Then I rephrased the sentence: I love how I feel when I’m with him.
In figuring out I needed to shift from passive to active, from letting another person own my feelings to claiming it all for myself–that’s how we step into full ownership. In the sexual world this is the shift that allows women to own their sexuality. To invite desire into their lives.
The best sex of our lives doesn’t arise from lying passively in the bed, mouth tightly shut, waiting for Prince Charming to switch all our buttons, rendering us wonderful sexual creatures by his magical touch. For his pleasure. And bragging rights.
Let’s talk about the shift from passive to active. In I love how he makes me feel there is a bit of me saying I can’t create my own feelings of desire. That romantically, I need someone else, a man, (because this is the quintessential heteronormative experience) to bring me alive. I become Sleeping Beauty, waiting for Prince Charming to awaken her and bring her to life.
I often find myself writing in the passive voice. I’ve lived a good bit of my life in the passive voice. As a woman that’s not all that shocking, sadly. Imagine my delight in discovering all that’s possible—44 days before my 63rd birthday. My thoughts on the limits we self-impose around aging is another longer article.
While I’m bursting at the seams these days, oozing out of the narrowly constructed box I’ve inhabited for far too long, I’m also looking at this tendency (to give up our own power/agency) in women I work with.

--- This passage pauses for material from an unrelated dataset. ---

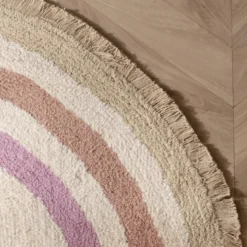 Waschbarer Kinderteppich Oval - Milo Rosa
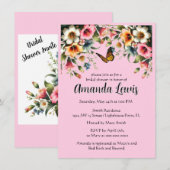 Invitation Joli floral rose avec Fête des mariées papillon (Devant / Derrière)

The change from how he makes me feel to how I feel with him is a simple shifting of perspective, on the surface. Actually it’s a clear and powerful example of how we take ownership for our own feelings and desires. By taking responsibility for our own feelings in relationships we are able to more fully show up and create the experiences we desire.
There’s a lot of “I” in this, something which I normally would be apologetic about. It is way past time for women to start saying “I” more. To look at interactions and experiences from our own perspective. To figure out what we want and need, then state it clearly. It’s more than asking for what we want. In a gentle way, it’s demanding what we are entitled to. No longer accepting anything less.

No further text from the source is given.